Skip all pictures; return exactly the lines from the one containing "Santoni Man Loafers" through the end of the data.

::: DATA EXTRACTS

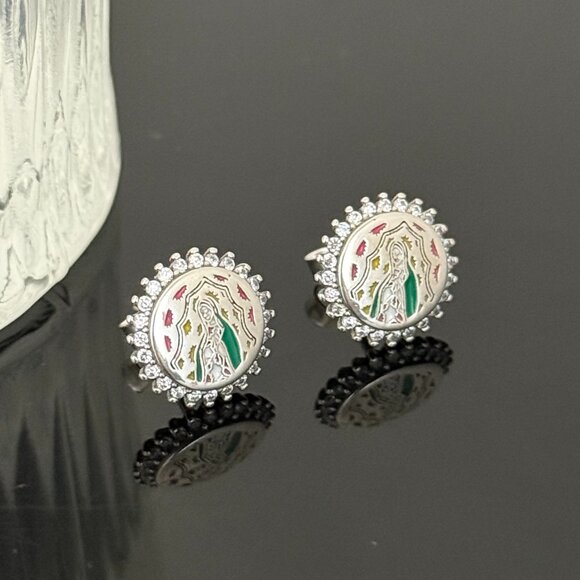 Jewelry - Virgin of GUADALUPE Bling Earrings S925 Sterling Silver Handmade Ear Stud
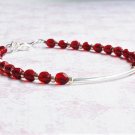 Garnet Round 5mm Faceted beads adjustable stacking bracelet | STK-3029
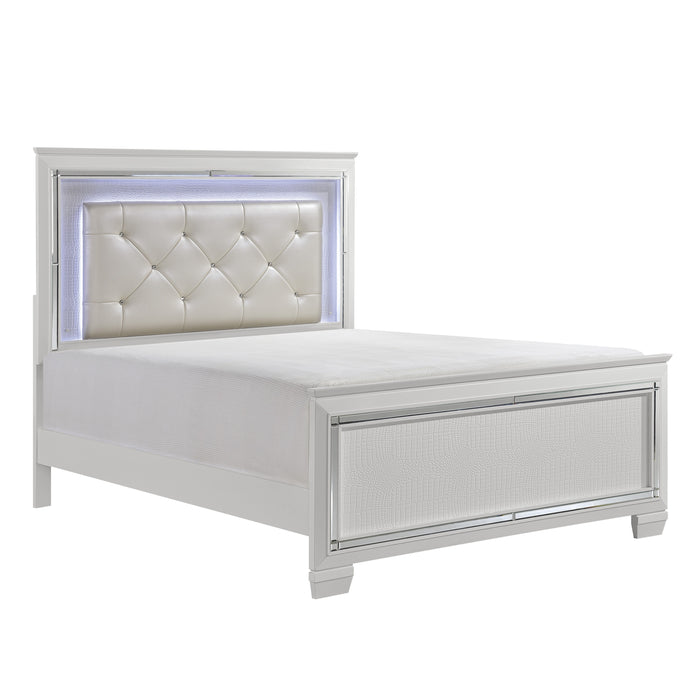 Allura (3)Queen Bed, LED Lighting in White/Transparent - 1916W-1*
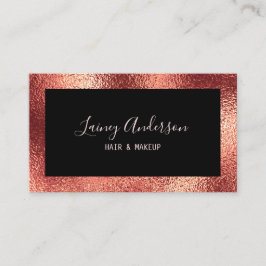 Cartão De Visita Folha de ouro rosa metálico de luxo simples, de Tr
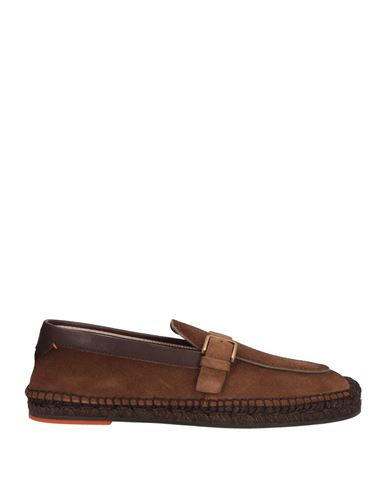 Santoni Man Loafers Brown Size 8.5 Leather In Brown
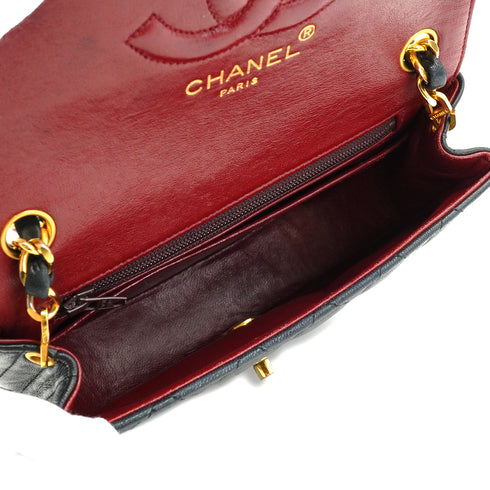 VINTAGE CHANEL MATELASSE CHAIN SHOULDER BAG BLACK LAMB SKIN GOLD HARDWARE 90334142
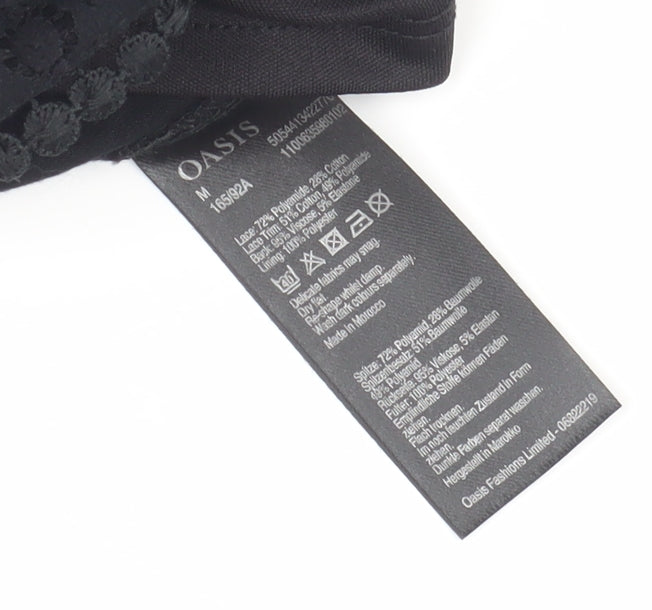 Oasis Black Lace Tunic Blouse, Women, Medium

::::::

**YOUR SOLUTION**
 Santoni Man Loafers Brown Size 8.5 Leather In Brown
 VINTAGE CHANEL MATELASSE CHAIN SHOULDER BAG BLACK LAMB SKIN GOLD HARDWARE 90334142
 Oasis Black Lace Tunic Blouse, Women, Medium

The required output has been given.